In the end he lost patience with the entire undertaking, convinced as he became that the choice of Whitsun was indeed inviting bad luck, because Queen Anne had been crowned then. His master of the works brought news that repairs were needed at Westminster and in the White Tower, and that they could not possibly be completed by the second of June. But what weighed on him most, I suspect, was his growing fear that the Londoners would not rejoice when my open litter passed through the narrow streets on the day of my coronation procession. Like the insolent few who had harassed us when the royal barge passed along the river, there would be Londoners who would cry out insults, throw offal, and perhaps even attack me.
He confided his worries to me as we lay together in the ample pearl bed.
“I fear the crowds might agitate you too much, sweetheart, especially now, when you are in a delicate state. Who knows what frightening things they might do?”
“I am told that the Londoners mocked Queen Anne when she rode through the streets in her litter, and called out insults. And she was carrying her child at the time.” It was true. My cousin Anne had been crowned when she was pregnant with her one and only surviving child, the Princess Elizabeth.
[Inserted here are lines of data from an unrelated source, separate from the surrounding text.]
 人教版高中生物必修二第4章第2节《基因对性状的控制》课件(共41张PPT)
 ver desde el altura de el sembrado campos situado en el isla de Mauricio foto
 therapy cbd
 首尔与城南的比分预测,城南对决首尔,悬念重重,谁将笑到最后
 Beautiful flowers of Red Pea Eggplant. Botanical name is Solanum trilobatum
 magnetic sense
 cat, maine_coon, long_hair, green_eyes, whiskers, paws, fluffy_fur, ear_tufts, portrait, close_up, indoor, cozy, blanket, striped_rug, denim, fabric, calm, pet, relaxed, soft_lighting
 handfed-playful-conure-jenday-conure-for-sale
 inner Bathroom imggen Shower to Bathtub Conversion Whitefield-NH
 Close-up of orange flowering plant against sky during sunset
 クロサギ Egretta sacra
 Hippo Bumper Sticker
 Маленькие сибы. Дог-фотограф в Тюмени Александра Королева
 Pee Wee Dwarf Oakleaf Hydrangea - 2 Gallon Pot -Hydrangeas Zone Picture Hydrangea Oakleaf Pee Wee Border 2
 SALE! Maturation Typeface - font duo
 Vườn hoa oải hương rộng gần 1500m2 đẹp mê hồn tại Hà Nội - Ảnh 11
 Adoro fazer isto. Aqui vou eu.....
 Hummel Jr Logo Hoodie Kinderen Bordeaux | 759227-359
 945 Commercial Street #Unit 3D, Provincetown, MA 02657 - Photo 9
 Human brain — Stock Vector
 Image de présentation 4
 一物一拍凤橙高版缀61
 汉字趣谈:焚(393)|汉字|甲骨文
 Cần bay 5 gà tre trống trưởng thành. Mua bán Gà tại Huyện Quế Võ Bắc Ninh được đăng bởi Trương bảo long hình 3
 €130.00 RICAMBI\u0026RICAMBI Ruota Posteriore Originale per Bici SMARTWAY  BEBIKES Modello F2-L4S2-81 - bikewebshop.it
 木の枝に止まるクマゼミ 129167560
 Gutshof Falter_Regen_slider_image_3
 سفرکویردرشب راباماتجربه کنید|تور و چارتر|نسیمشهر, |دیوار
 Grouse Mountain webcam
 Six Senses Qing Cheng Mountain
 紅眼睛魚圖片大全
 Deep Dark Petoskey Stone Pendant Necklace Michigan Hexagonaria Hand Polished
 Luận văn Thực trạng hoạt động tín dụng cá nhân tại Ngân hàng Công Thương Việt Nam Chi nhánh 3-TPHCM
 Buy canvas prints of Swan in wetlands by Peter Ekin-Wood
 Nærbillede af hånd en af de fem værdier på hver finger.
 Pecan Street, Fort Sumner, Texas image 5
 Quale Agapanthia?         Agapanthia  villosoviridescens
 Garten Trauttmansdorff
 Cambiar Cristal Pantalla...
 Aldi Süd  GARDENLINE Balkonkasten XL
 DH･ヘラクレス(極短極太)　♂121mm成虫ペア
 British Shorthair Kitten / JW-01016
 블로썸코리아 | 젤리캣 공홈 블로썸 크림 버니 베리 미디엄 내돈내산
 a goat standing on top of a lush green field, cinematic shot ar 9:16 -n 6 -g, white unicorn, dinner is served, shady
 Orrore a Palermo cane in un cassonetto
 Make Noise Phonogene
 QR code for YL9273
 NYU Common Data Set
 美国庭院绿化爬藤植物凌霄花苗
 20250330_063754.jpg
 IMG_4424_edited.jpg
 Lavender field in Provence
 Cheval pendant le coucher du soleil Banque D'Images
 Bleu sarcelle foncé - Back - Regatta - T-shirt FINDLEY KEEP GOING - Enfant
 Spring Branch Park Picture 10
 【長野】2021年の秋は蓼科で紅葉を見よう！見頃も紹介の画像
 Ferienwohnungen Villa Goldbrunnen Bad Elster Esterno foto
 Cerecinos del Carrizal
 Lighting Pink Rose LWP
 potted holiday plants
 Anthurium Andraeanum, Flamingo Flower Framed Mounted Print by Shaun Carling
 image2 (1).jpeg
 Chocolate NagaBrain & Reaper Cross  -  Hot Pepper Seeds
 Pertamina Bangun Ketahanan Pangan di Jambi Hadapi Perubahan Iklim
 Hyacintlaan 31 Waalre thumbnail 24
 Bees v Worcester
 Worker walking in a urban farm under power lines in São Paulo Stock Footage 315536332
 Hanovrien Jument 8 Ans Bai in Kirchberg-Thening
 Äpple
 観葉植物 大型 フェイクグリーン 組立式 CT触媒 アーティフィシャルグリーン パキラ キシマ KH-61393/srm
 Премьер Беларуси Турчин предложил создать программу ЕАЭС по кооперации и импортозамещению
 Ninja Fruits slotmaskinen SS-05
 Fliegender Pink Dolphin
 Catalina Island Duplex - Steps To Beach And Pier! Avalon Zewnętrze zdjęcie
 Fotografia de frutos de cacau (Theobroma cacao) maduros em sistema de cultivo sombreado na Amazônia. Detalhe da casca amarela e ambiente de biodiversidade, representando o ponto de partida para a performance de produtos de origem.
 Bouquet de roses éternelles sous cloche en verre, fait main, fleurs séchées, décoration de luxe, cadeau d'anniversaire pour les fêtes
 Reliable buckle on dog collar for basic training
“They did—and she bore it well enough. She was one who always gave as good as she got. But look what happened! She did not have a son, only a daughter!”
The coronation was cancelled, and the royal household was told to prepare for a great summer progress to the north country, where the king hoped to meet with King James of Scotland and reassert his power and authority over the rebels once and for all.
* * *
Uncle William was about to leave us. The king was sending him to the French court, to be his ambassador there. It was time, my husband thought, to strengthen old alliances that were tottering and build new ones. Sending the queen’s uncle was a sign of special favor.
Before Uncle William left he came to see me. He embraced me and kissed the top of my head. We sat together in a window embrasure.